She moved her hand to my t shirt holding it in her fist so gently

"I didn't meant to hurt you, I was going to come see you but when he came in, I didn't hug him becasue I liked him like that, it was a friendly hug. I behaved like a bitch when I wrapped my arms around him or let him touch me but I swear he didn't touch em like you have. He did lay on me but it was platonic from my side, I don't know about him but from me it was. He slept on the couch. I used bad words and yelled at you when I shouldn't have. I made a mistake, a horrible one but you mean so much to me that I am willing to do anything to earn your forgiveness" he blurt out

I know she didn't mean to hurt me, I know she was anxious and I saw how empty and lost her face looked when he was close to her

"I swear on my life I wouldn't have kissed him or let him kiss me regardless of if you walked in or not. I had promised you no other men and I stick to that but you are right I did let him touch me and that was wrong"

I cannot believe that a princess, the princess was crying in front of me for forgiveness, thats what made her my nandini and not jsut a princess

"Shh stop crying and just listen okay"

She nodded wiping her face like an obedient girl

"I was hurt but that was a me problem not a you problem"

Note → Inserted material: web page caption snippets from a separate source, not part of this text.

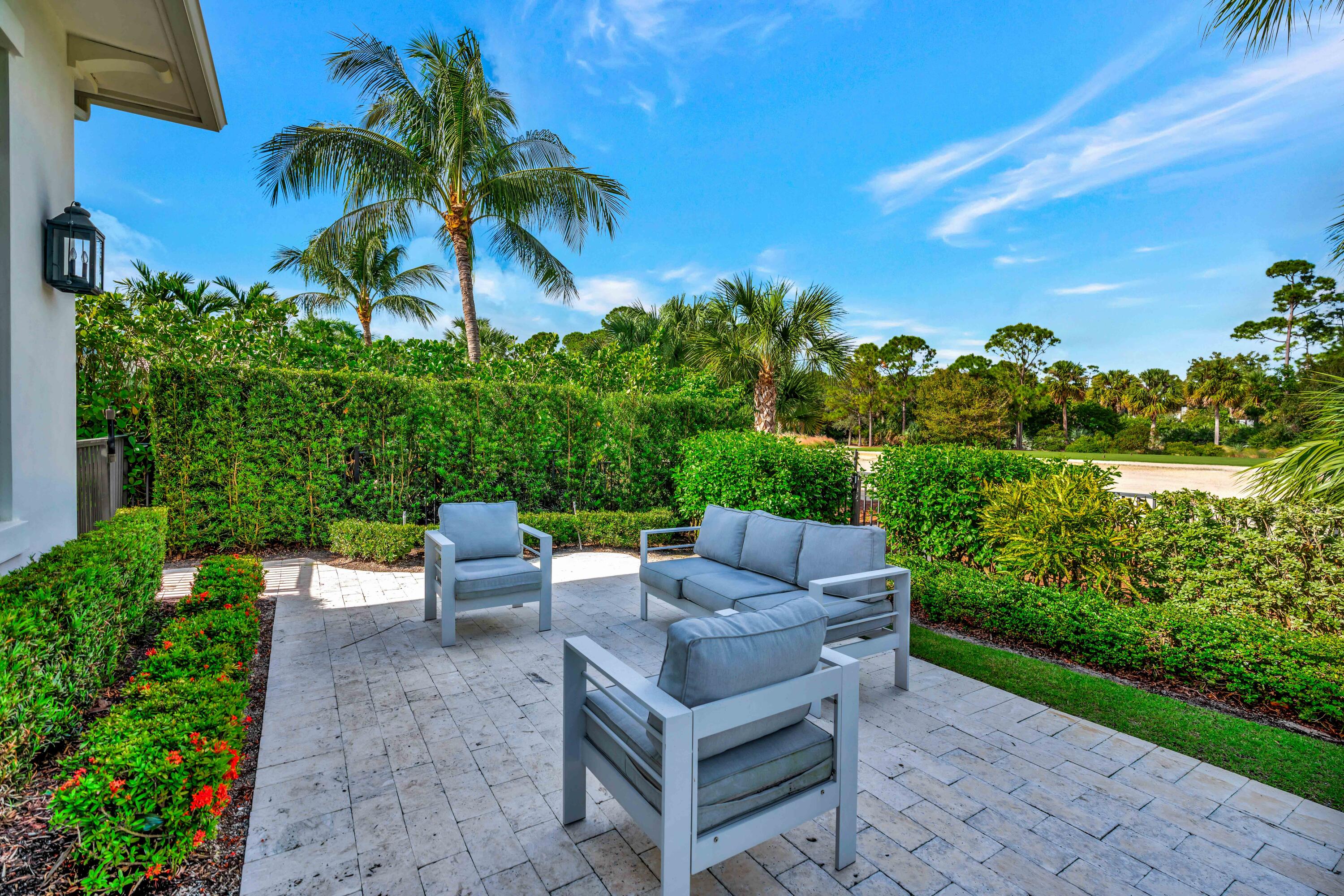 12113 Plantation Way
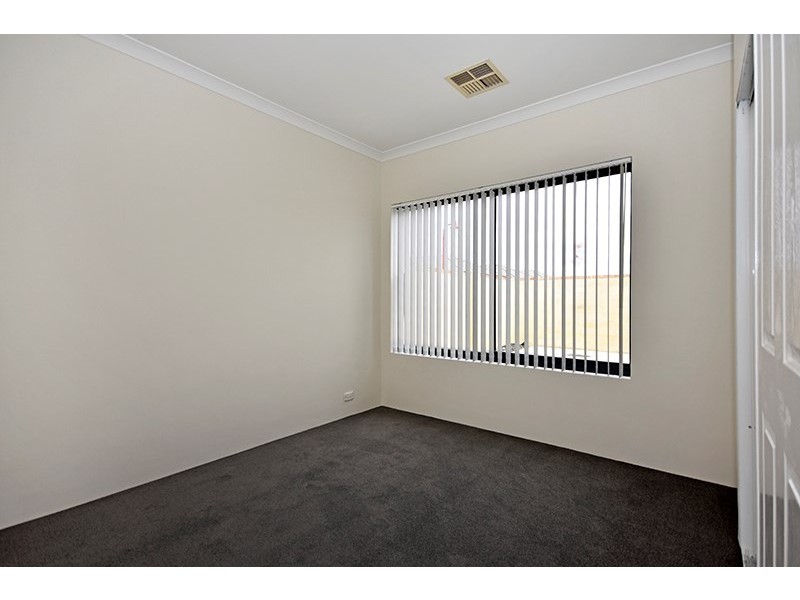 5 Sudley Lane, Ellenbrook WA 6069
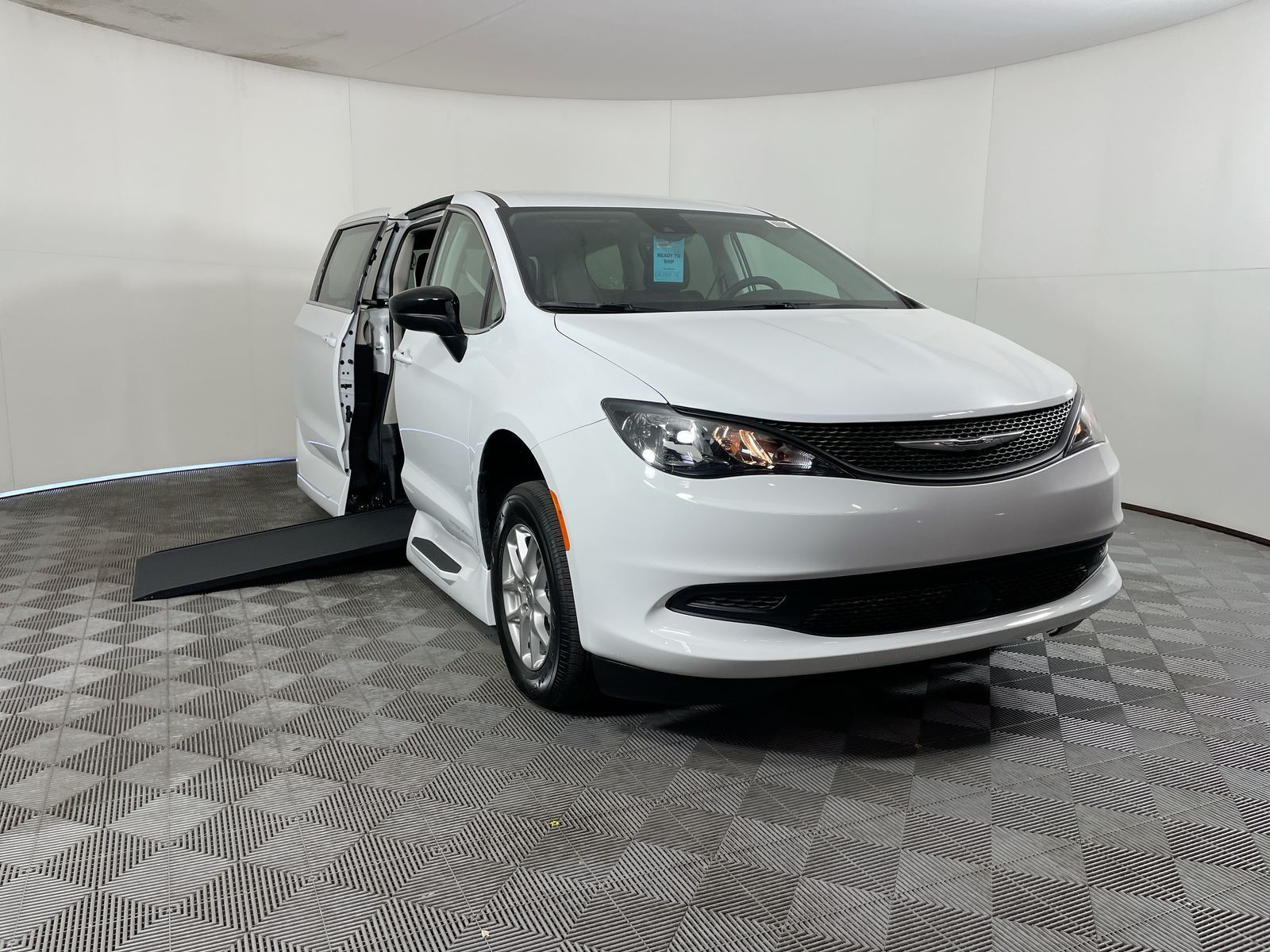 2024 ChryslerVoyager LX's photo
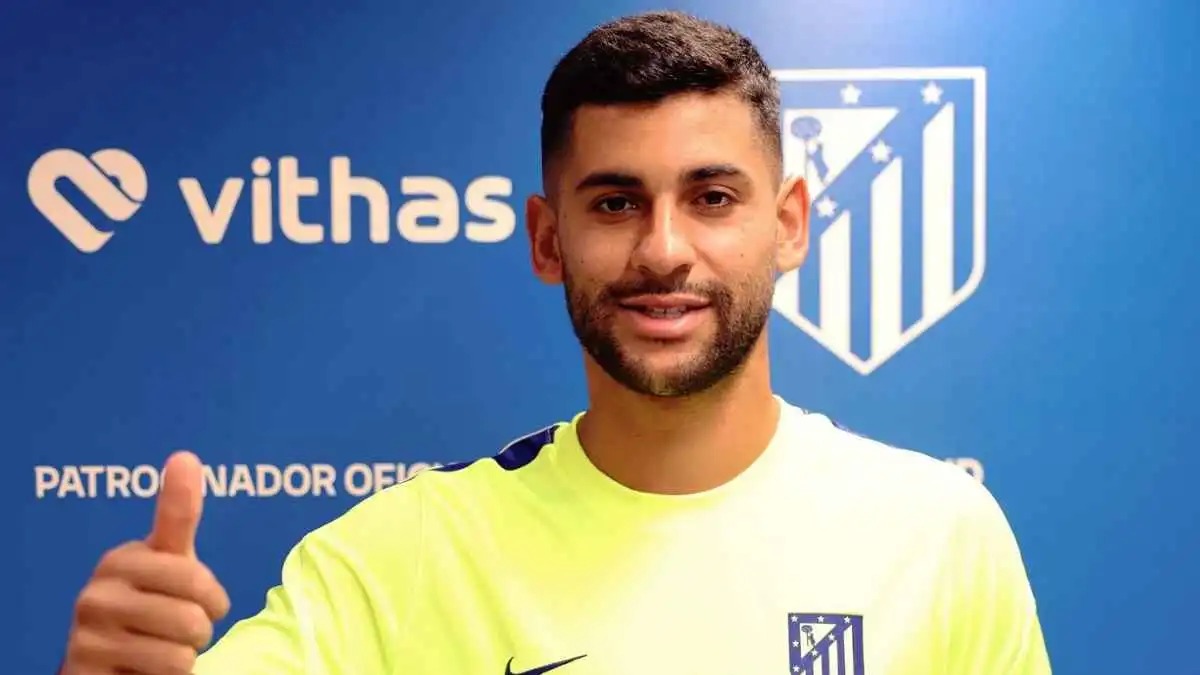 أتلتيكو مدريد يتعاقد مع كريستيان روميرو قائد توتنهام 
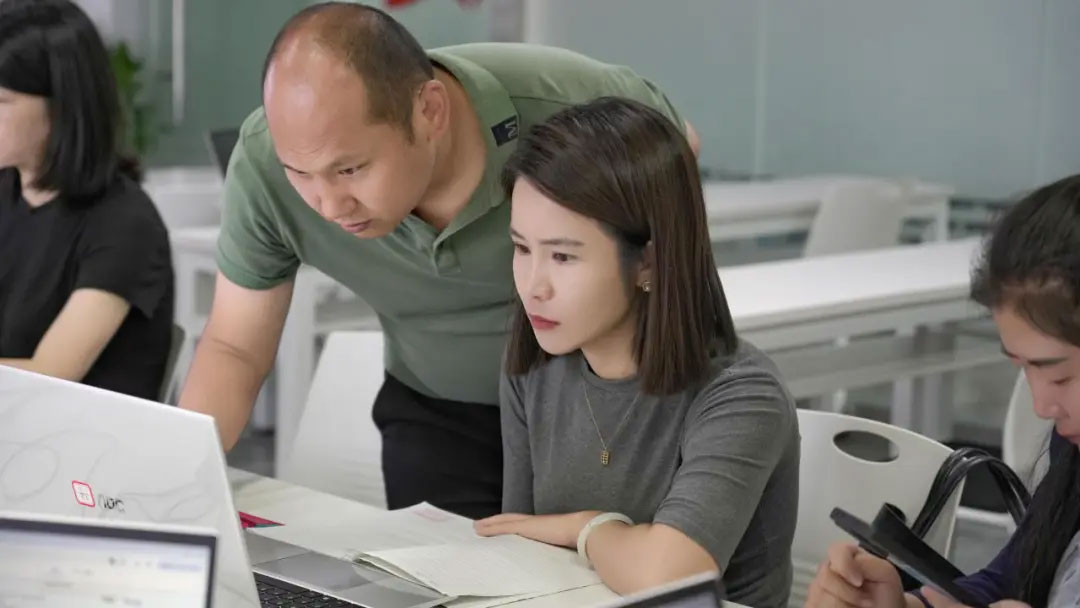 愛(ài)因森教育成考專業(yè)咨詢團(tuán) 愛(ài)因森教育成考專業(yè)咨詢團(tuán)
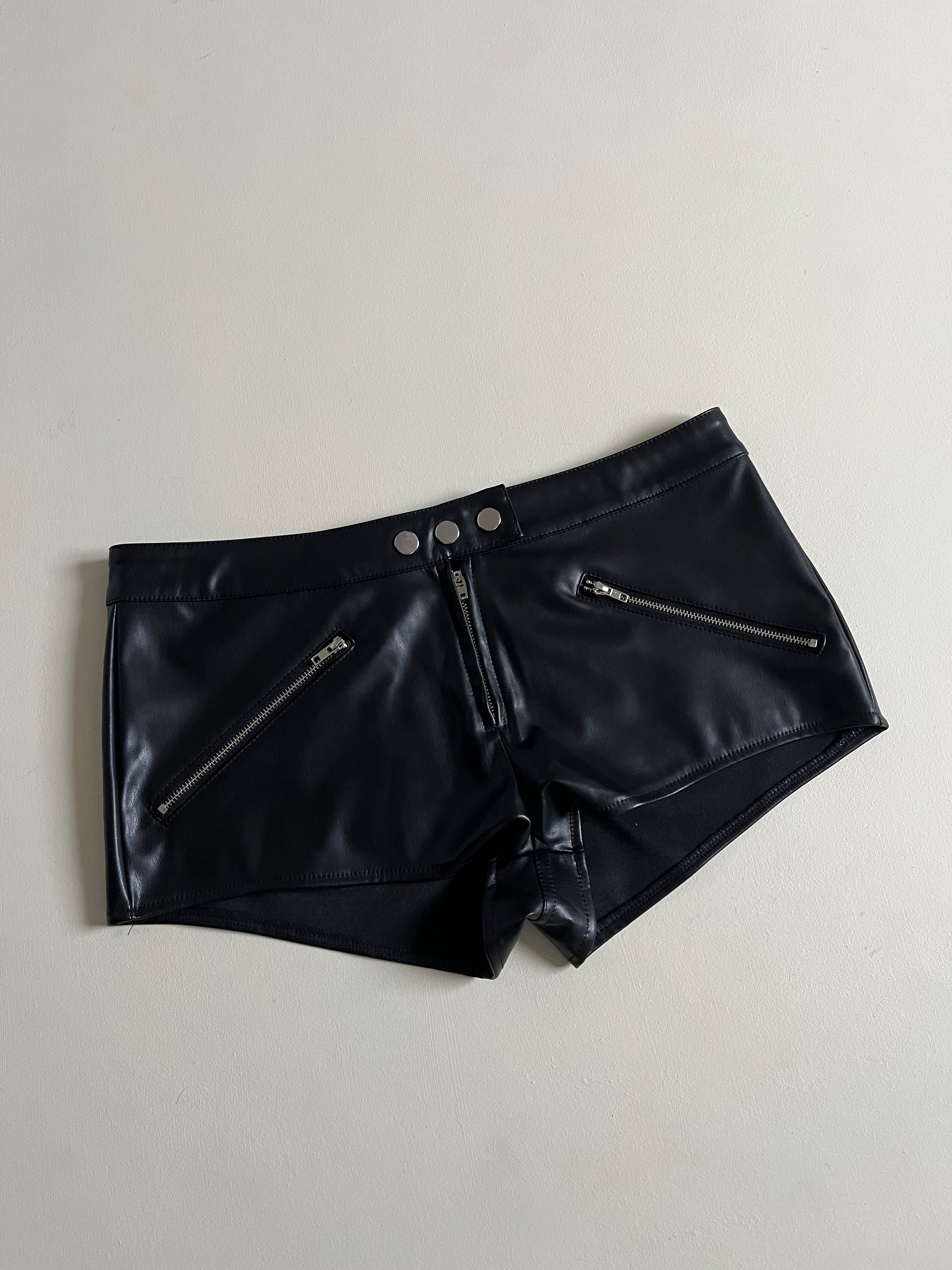 SHORT CUERINA TIRO BAJO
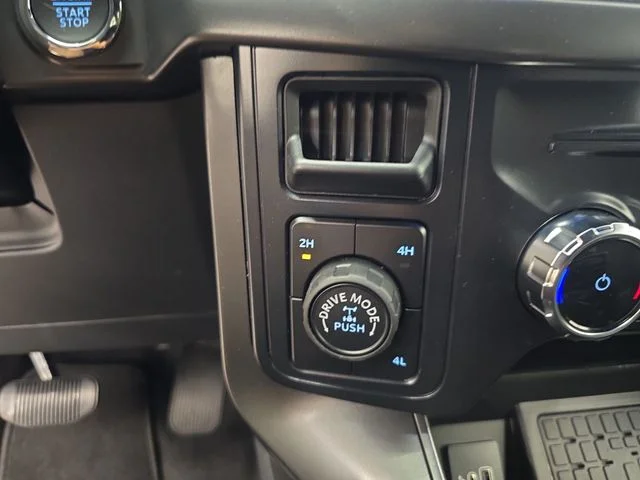 New 2026 Iconic Silver Metallic Ford Tremor® image 33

"It was a me problem because I did stupid things to hurt you" she said interrupting me

"Shush, no interrupting me"

"Sorry"

"Shhh, whatever happened, happened now there is no need to sulk over it. I just need to ask you some things"

she nodded

"Why did you put in so much efforts and wrote me notes"

"For your forgiveness"

"Why does it matter? I am just. Security detail sure we had a physical thing going on but" I asked

"You matter to me, you know that I don't give two shits about anything but when it comes to you, I feel things for you. Sure ya we started a physical relationship that was amazing but there was more there. Something beyond a physical connection and we both know that. We may not want to admit anything but we have a umm a connection that is beyond our physical one"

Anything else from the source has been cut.